I. Dünya Savaşı yıllarında Suriye’de dört tip Arap milliyetçisi vardı:
1. Fransız Cizvit Okulu’dan yetişen Corci Zeydan gibi Hıristiyanlardan etkilenenler
2. Mısırlı Rafi El Tahtavi gibi düşünürlerin vatan sevgisi fikirlerinden etkilenenler
3. Muhammed Abduh’un, Jön Türk saldırılarına karşı Arapların İslam içindeki yerini vurgulayan yazılarını Arap milliyetçiliğine çekenler (Arap-İslam sentezcileri)

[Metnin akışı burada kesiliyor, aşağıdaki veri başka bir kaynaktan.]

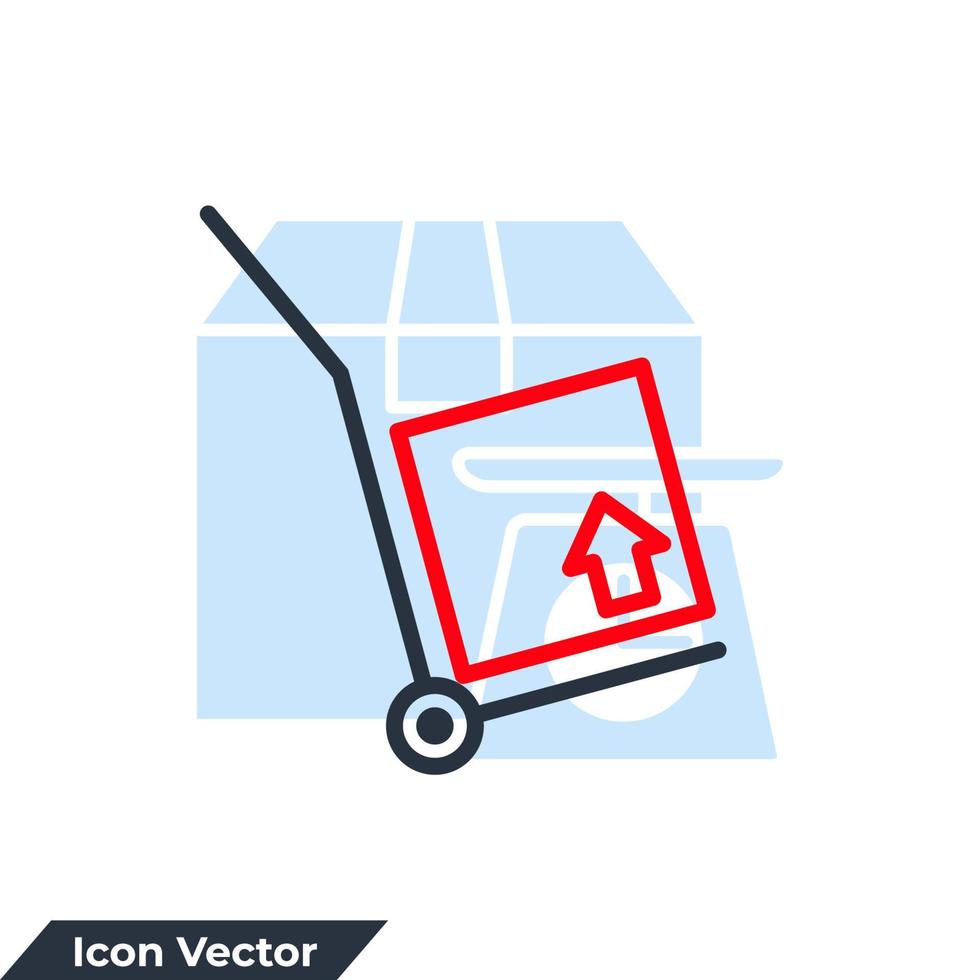 hand trolley pictogram logo vectorillustratie. pakketten levering trolley symbool sjabloon voor grafische en webdesign collectie vector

4. İttihatçıların içinde yer alıp onların Türkçülüğünden rahatsız olan Arap subaylar
ŞAMLI MİŞEL KURTARICILIĞA SOYUNDU
Şam, İslam’ın Haçlılardan kurtuluşuna beşiklik ederken o günlerde Hıristiyanların oluşturduğu fikir akımıyla kaynıyordu. Mişel Eflak, böyle bir ortamda 23 Haziran 1910’da Şam’da doğdu. Şam’da bulunan Fransız okullarında eğitim aldı. Başarılı bir öğrenci diye parladı. Paris’e Sorbonne Üniversitesine gönderildi. Oradaki ulusalcı fikirlerden etkilendirildi, o fikirlerle dolduruldu ve Suriye’ye “bir kurtarıcı olarak” iade edildi.
Suriye’de Fransa’ya karşı bir kurtuluş hareketi oluşmuştu. Suriye’nin Batı sömürgesi olmaktan kurtulması mukadderdi. Fransa için yapılacak olan, bunu tartışmak değil, en az zararla atlamak, Şam’ı İslam’ın etkisinden uzak tutacak formülü bulmak…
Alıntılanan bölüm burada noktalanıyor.